2007-12-12 Thread John DeCarlo
Here is more information than you want g:

1.  Your browser will convert www.xyz.com to http://www.xyz.com on the
assumption that the default protocol you want to use is HTTP.  This is a
pretty safe assumption.  If you are using another protocol, such as
accessing a local file or doing an ftp access, you aren't typing it directly
in.

Therefore, those are exactly the same and should always react the same.
Either way, your system has to use DNS to look up the IP for www.xyz.com.

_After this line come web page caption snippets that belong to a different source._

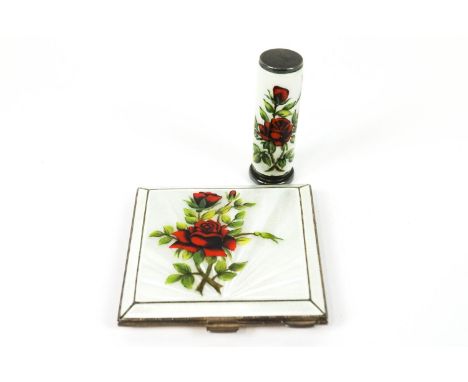 A silver and enamel powder compact and lipstick case, with engine turned decoration, the lid and cylinder basse taille sunbur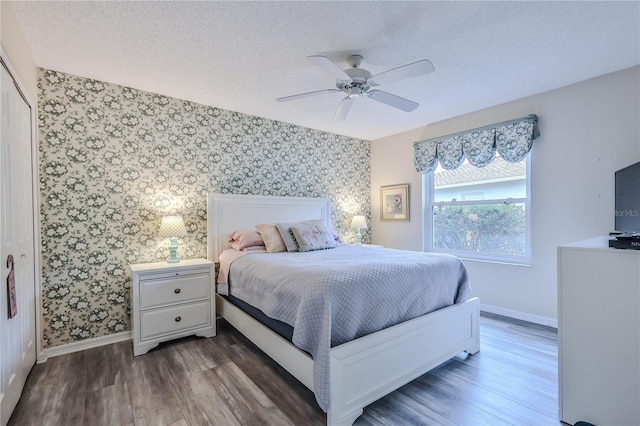 bedroom with ceiling fan, a textured ceiling, dark hardwood / wood-style flooring, and a closet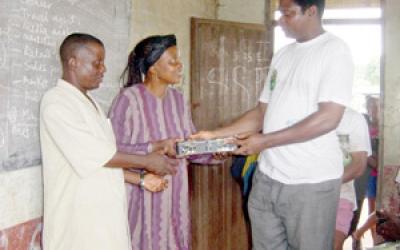 Man handing a box to a couple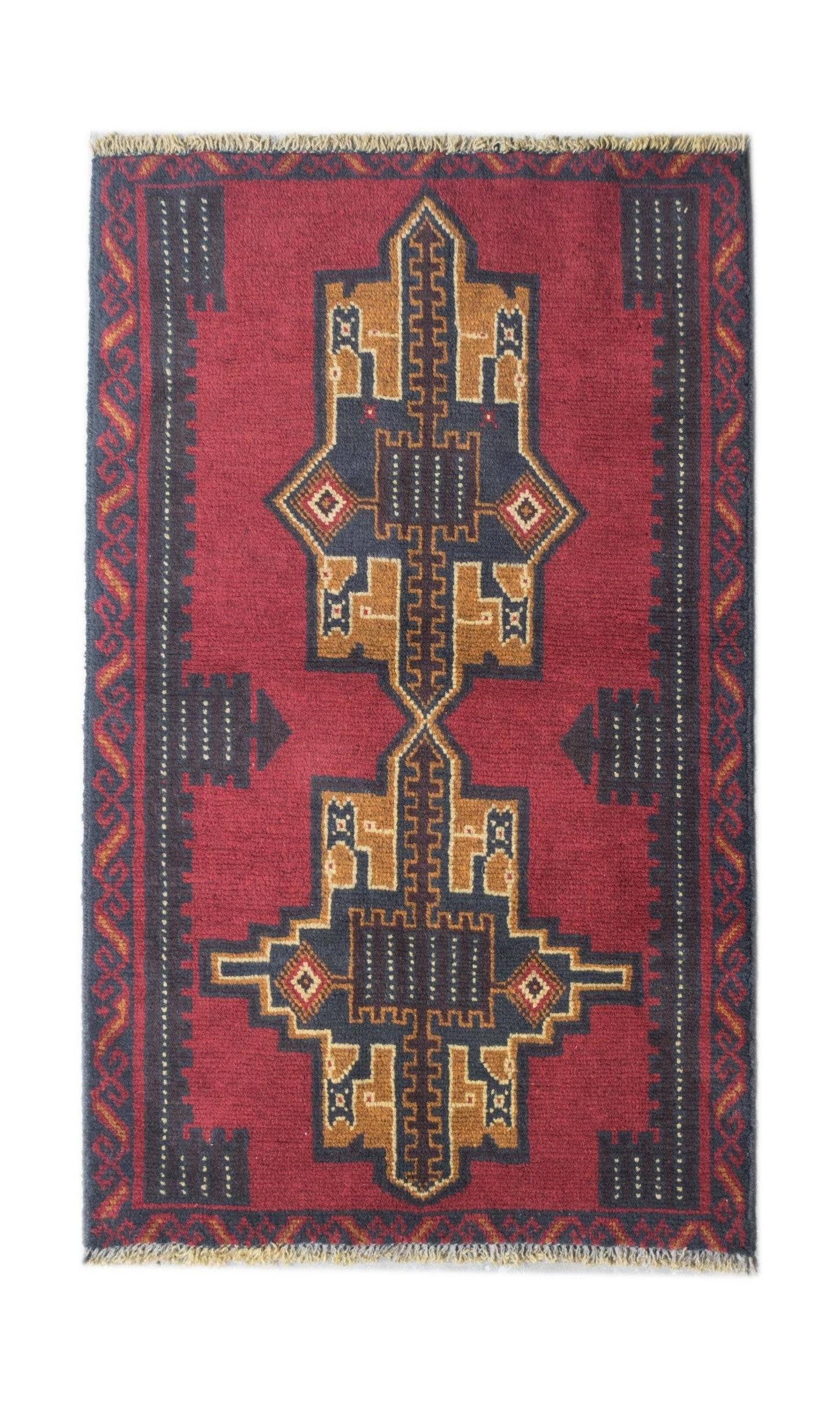 Handmade Afghan Pashm rug featuring a geometric tribal pattern in deep red, brown, and blue.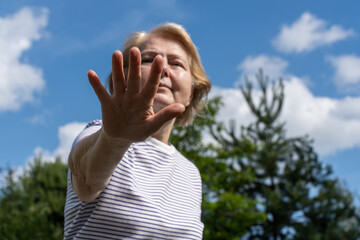Senior woman reaching her hand forward toward the camera outdoors, standing under a blue sky with clouds. Strong expressive gesture conveying stop, attention, or protection.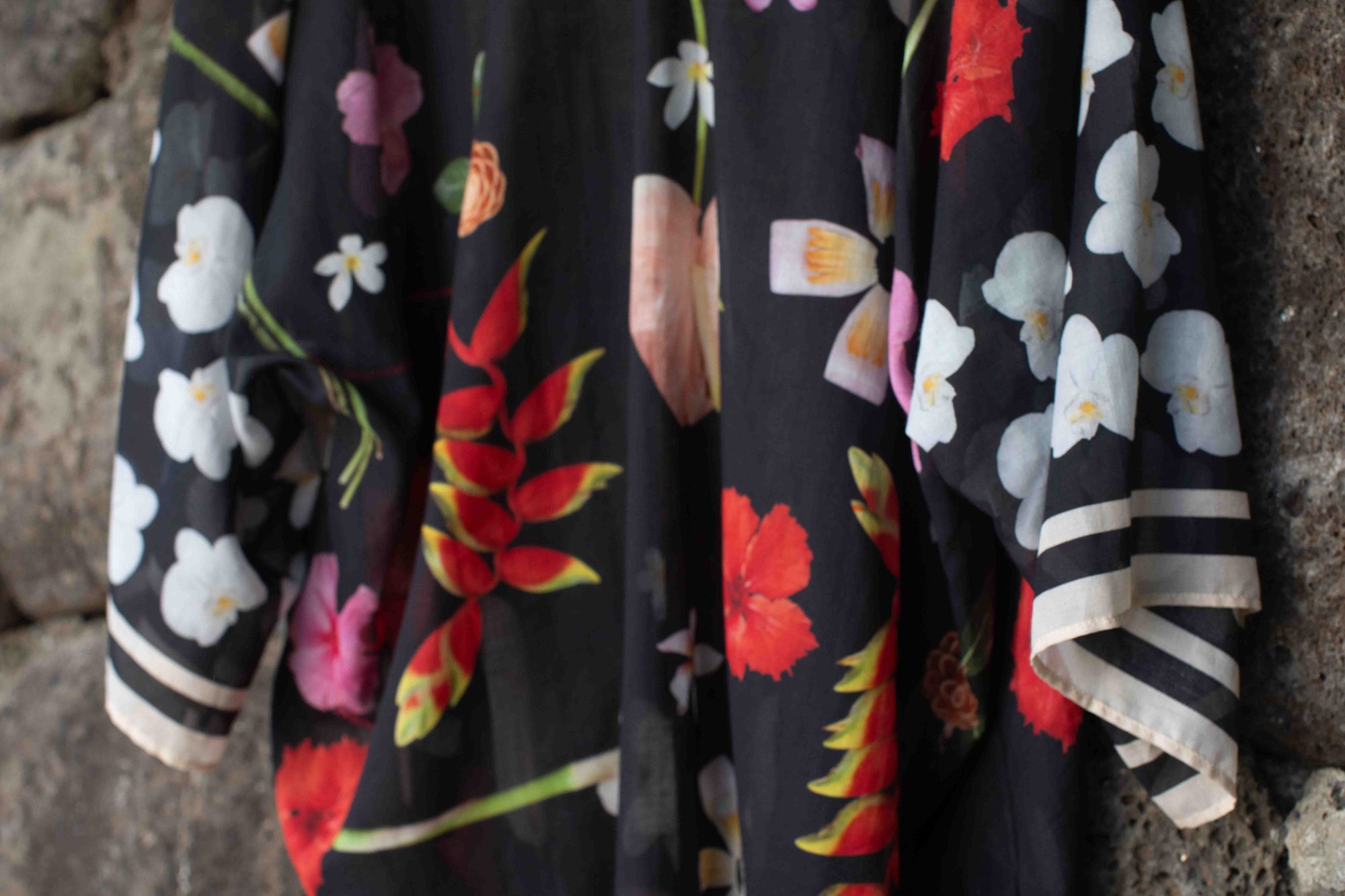 Lola Pilar black cotton kimono top with flowing Hawaiian floral print featuring hibiscus, torch ginger, heliconia, plumeria, and banana flowers, designed in Hawaii and made in Italy for effortless resort layering.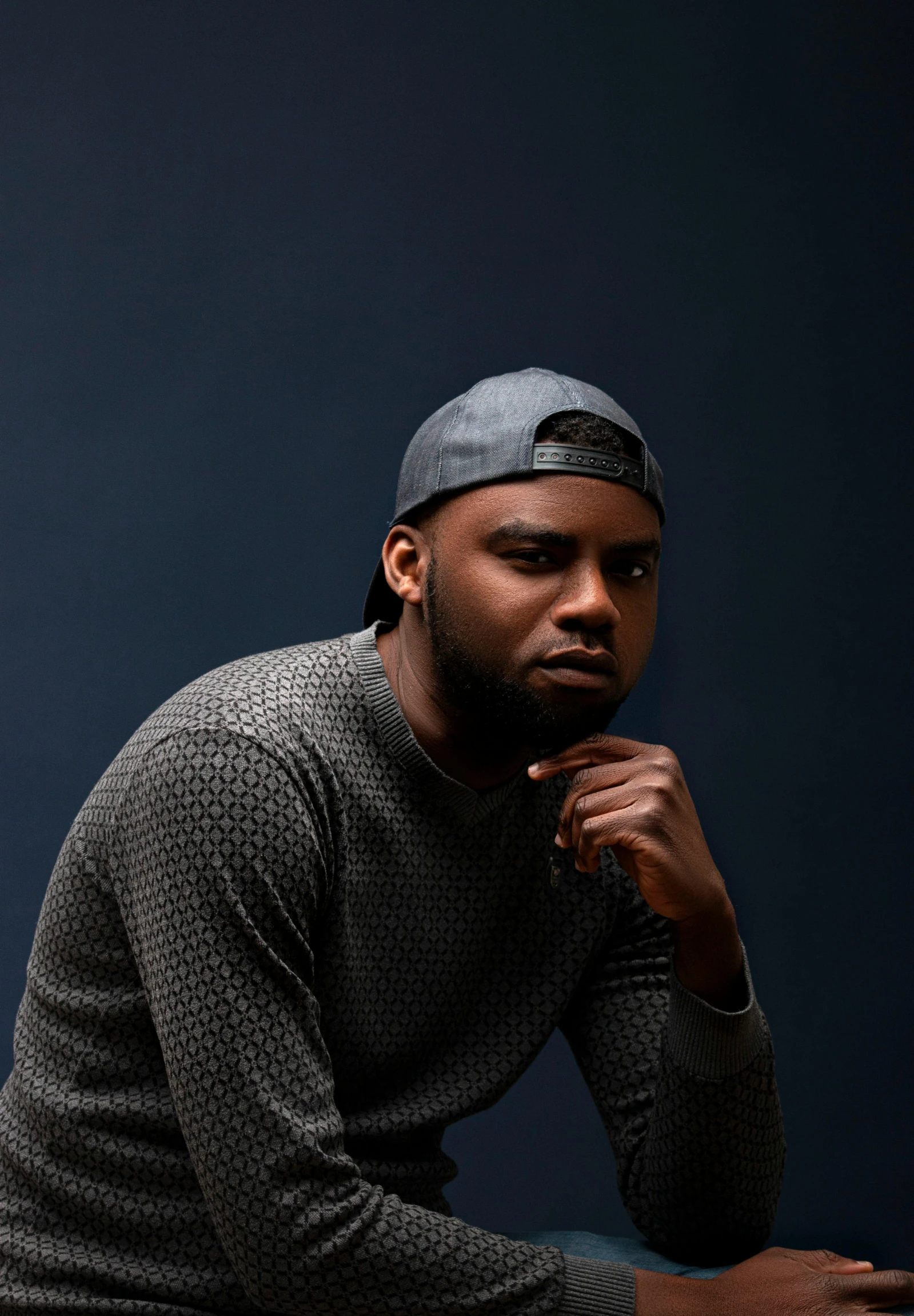 a man sitting in front of a laptop computer, an album cover, inspired by Paul Georges, trending on unsplash, hurufiyya, standing with a black background, jaylen brown, headshot portrait, gray men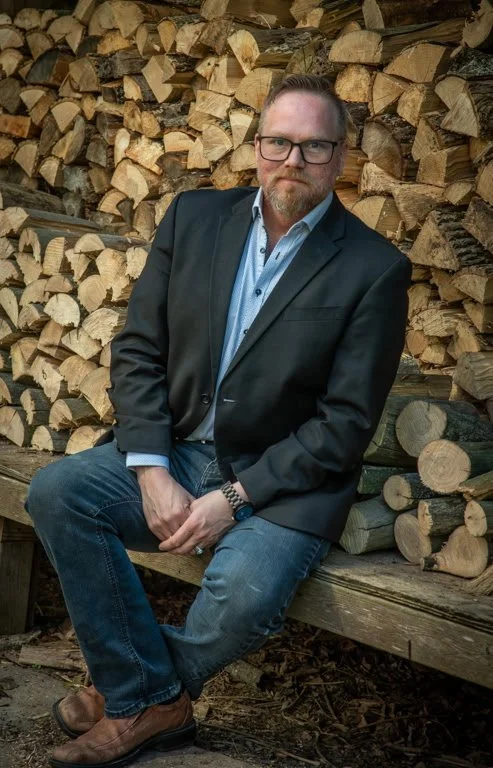 A man with glasses, a beard, and a mustache, dressed in a black blazer, light blue shirt, and jeans, sitting on a wooden bench in front of a large stack of firewood.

2.  Typing in xyz.com can be interpreted in different ways by your web
browser.  Some of the time, your browser will convert xyz.com to www.xyz.com,
some of the time it will leave it alone.  It sort of depends on what
version.  More modern versions will leave it alone most of the time.

It used to be that if your domain was xyz.com, the expectation was that
there would be no machine called xyz.com and no IP address for xyz.com.
This has changed over the past few years to make it easier for people to
type in addresses.  Now you can usually get an IP when just typing in the
domain name.  However, this is up to the domain name service provider, so
some xyz.com addresses will not resolve to anything.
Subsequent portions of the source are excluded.